• **What is being asked**
Below are the records; copy exactly the stretch from the line containing "Foto Efecto perturbador" through the line containing "Modern European furniture", both ends included, and nothing else.

• **Material provided**
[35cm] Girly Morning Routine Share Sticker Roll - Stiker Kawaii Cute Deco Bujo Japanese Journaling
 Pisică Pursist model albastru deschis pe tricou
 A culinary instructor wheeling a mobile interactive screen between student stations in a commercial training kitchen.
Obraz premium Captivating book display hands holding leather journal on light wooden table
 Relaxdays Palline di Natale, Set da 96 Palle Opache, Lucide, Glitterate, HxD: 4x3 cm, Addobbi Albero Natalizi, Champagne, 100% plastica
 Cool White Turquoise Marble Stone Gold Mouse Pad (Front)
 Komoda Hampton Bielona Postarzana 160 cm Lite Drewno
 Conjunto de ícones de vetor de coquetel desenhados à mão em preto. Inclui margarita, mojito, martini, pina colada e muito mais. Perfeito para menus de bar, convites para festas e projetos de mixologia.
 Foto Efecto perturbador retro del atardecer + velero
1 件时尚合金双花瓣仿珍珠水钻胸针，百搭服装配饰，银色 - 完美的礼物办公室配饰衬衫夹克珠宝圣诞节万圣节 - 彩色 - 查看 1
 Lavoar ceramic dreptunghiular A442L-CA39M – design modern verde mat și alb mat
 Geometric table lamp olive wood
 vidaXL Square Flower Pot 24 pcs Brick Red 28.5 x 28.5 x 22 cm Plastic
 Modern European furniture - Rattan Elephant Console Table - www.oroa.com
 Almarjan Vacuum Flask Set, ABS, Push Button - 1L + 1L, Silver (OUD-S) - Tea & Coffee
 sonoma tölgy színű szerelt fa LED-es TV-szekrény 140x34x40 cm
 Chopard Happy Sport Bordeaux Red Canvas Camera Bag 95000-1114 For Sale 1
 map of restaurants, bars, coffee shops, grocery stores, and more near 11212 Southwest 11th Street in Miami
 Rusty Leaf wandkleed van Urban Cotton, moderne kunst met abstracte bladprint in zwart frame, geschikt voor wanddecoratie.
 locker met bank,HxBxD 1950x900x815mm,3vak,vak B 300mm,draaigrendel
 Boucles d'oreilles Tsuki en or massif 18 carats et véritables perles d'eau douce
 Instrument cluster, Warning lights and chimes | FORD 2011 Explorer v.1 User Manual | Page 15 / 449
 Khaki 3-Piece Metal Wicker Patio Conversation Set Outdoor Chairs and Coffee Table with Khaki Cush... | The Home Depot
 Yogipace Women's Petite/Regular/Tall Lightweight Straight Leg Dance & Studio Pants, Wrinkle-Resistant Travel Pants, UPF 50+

• **Output for this task**
 Foto Efecto perturbador retro del atardecer + velero
1 件时尚合金双花瓣仿珍珠水钻胸针，百搭服装配饰，银色 - 完美的礼物办公室配饰衬衫夹克珠宝圣诞节万圣节 - 彩色 - 查看 1
 Lavoar ceramic dreptunghiular A442L-CA39M – design modern verde mat și alb mat
 Geometric table lamp olive wood
 vidaXL Square Flower Pot 24 pcs Brick Red 28.5 x 28.5 x 22 cm Plastic
 Modern European furniture - Rattan Elephant Console Table - www.oroa.com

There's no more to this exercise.